John, de todo el retraso en la investigación iniciada con el Ejército tuvo la culpa Spaven. Si él hubiese colaborado, habría dado con Sloane antes de que hubiera tenido tiempo de largarse. Estoy seguro; lo sé. Habría podido cazarle. Pero, por el contrario, me quedé con las ganas, frustrado, y lo dije claramente. El jefe me apartó de la investigación y se acabó.
– Se te enfría el café -dijo Morton.
Rebus dio un trago y pasó la página.
O al menos hasta que Spaven volvió a aparecer en mi vida al trasladarse a Edimburgo casi al mismo tiempo que yo. Era como si me persiguiera y yo no le podía perdonar lo que me había hecho. Es más, a medida que pasaba el tiempo mayor era mi despecho. Por eso quise imputarle lo de Elsie Rhind. Lo confieso, a ti y a quien lea esta carta, que le tenía tantas ganas que era como una bola en el estómago, algo que sólo podía eliminar la cirugía. Cuando me dijeron que le dejara tranquilo, no hice caso. Cuando me aconsejaron que le eludiese, le busqué las vueltas. Le seguí, en mi tiempo libre, yendo tras sus pasos un día y otro. Estuve casi tres días sin dormir, pero valió la pena cuando un día le vi dirigirse a aquel garaje, un sitio que no conocíamos. Estaba eufórico, en la gloria. Por eso fui a toda prisa a tu casa y te arrastré al lugar. Tú me mencionaste lo de la orden de registro y te dije que no fueras idiota. Te presioné mucho, chantajeándote con la amistad; estaba enfebrecido y habría hecho cualquier cosa, y una de ellas fue transgredir el reglamento que ahora veo que entorpece a la policía y protege a los delincuentes. Así que entramos y vimos aquellos montones de cajas robadas en la fábrica de Queensferry. Y el bolso, que resultó ser de Elsie Rhind. Estuve a punto de caer de rodillas dando gracias a Dios.
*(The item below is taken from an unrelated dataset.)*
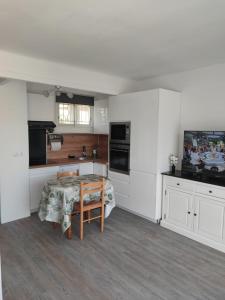 圣拉斐尔Studio Cosy vue Mer à deux pas du Port Santa Lucia - Saint Raphael的厨房配有白色橱柜和桌子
Sé lo que pensaron muchos, tú incluido. Pensaron que lo había puesto yo. Bien, te juro en mi lecho de muerte (bueno, estoy escribiendo en una mesa) que no. Lo encontramos por las buenas, a pesar de que vulnerásemos el reglamento. Pero date cuenta de que esa prueba fundamental no habría sido admitida por haberla encontrado del modo que lo hicimos, que es por lo que te convencí -aunque tú te resistías- para que declarases la historia que inventé. ¿Si lo siento? Sí y no. Para ti ahora será muy molesto, John, y debe de haberte costado mucho haberlo tenido que asumir durante todos estos años. Pero capturamos al asesino y para mí -he pasado Dios sabe cuánto tiempo pensando en ello, reviviéndolo, rememorando mi forma de actuar- es lo que realmente importa.